# Data
========
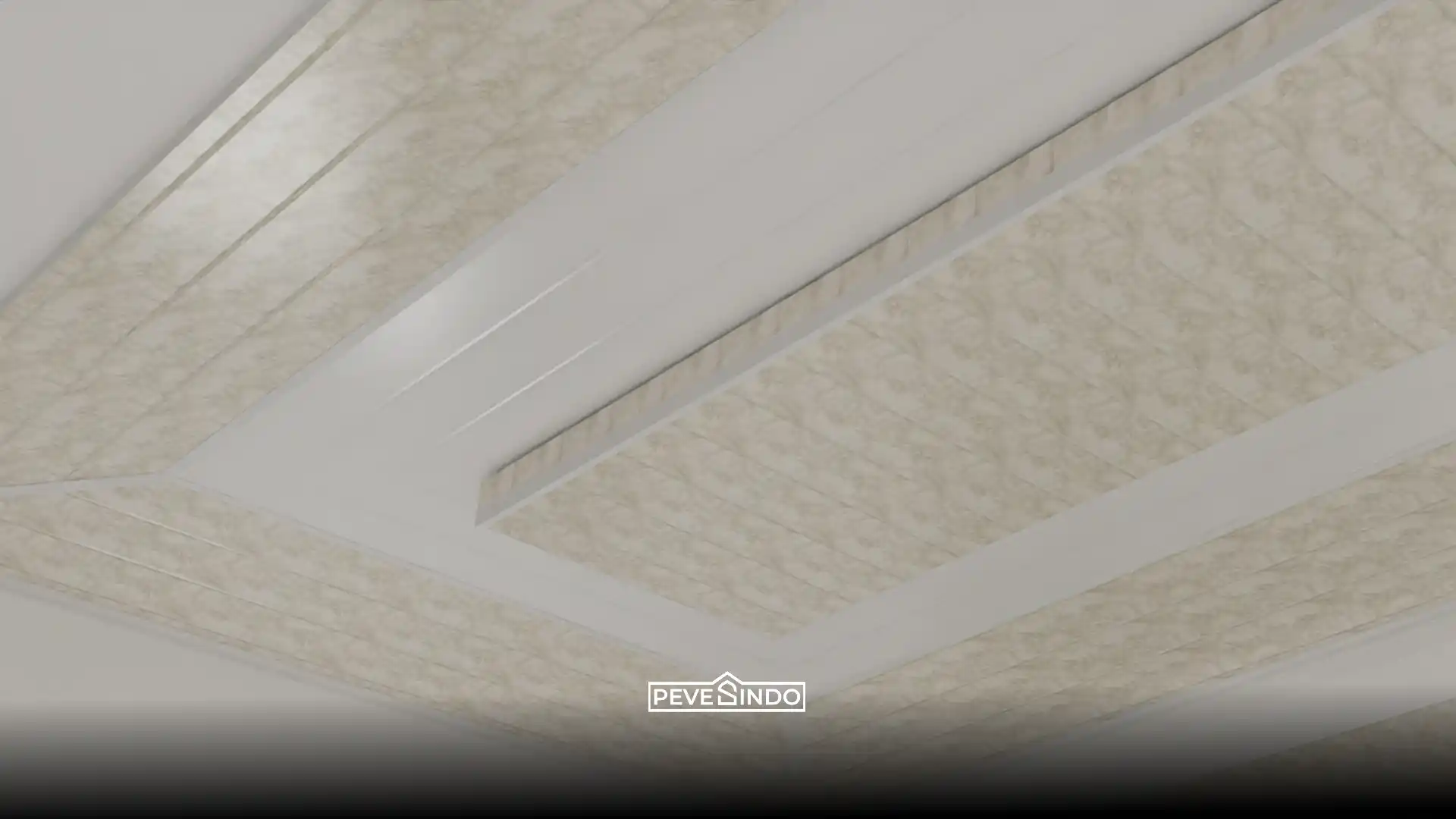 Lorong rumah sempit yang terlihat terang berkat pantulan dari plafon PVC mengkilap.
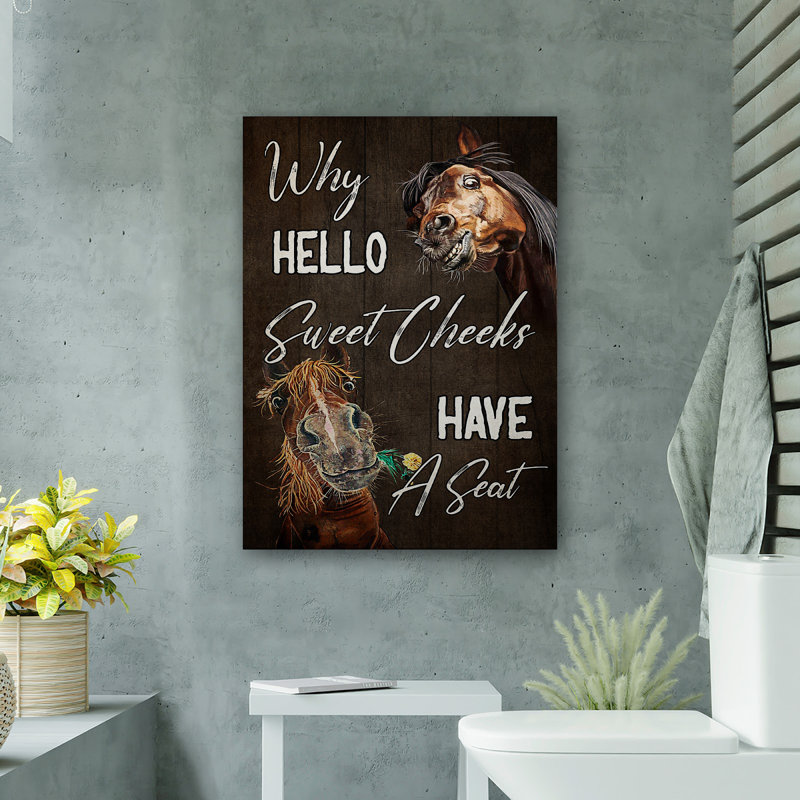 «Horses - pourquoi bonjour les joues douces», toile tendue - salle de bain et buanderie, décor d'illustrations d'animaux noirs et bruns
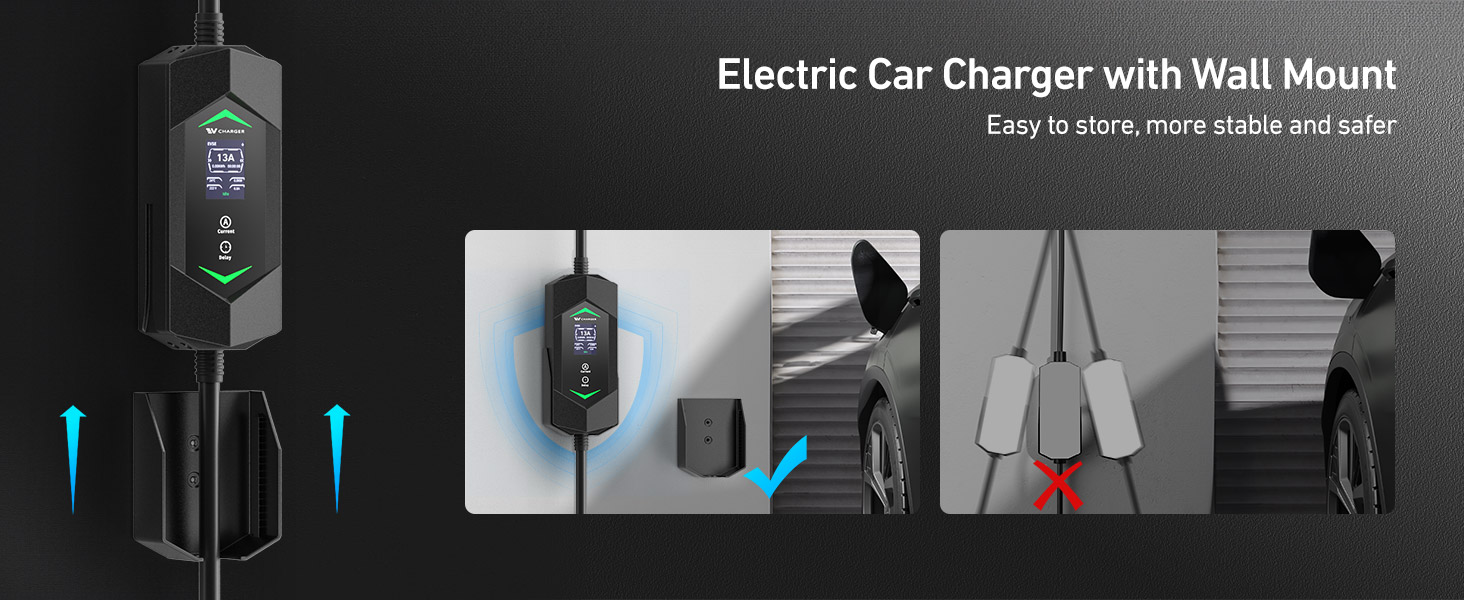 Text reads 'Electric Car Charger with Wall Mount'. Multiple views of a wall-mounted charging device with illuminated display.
========
# Problem to work on
Drop the pictures and set down the data above exactly.

# Result of this task
 Lorong rumah sempit yang terlihat terang berkat pantulan dari plafon PVC mengkilap.
 «Horses - pourquoi bonjour les joues douces», toile tendue - salle de bain et buanderie, décor d'illustrations d'animaux noirs et bruns
 Text reads 'Electric Car Charger with Wall Mount'. Multiple views of a wall-mounted charging device with illuminated display.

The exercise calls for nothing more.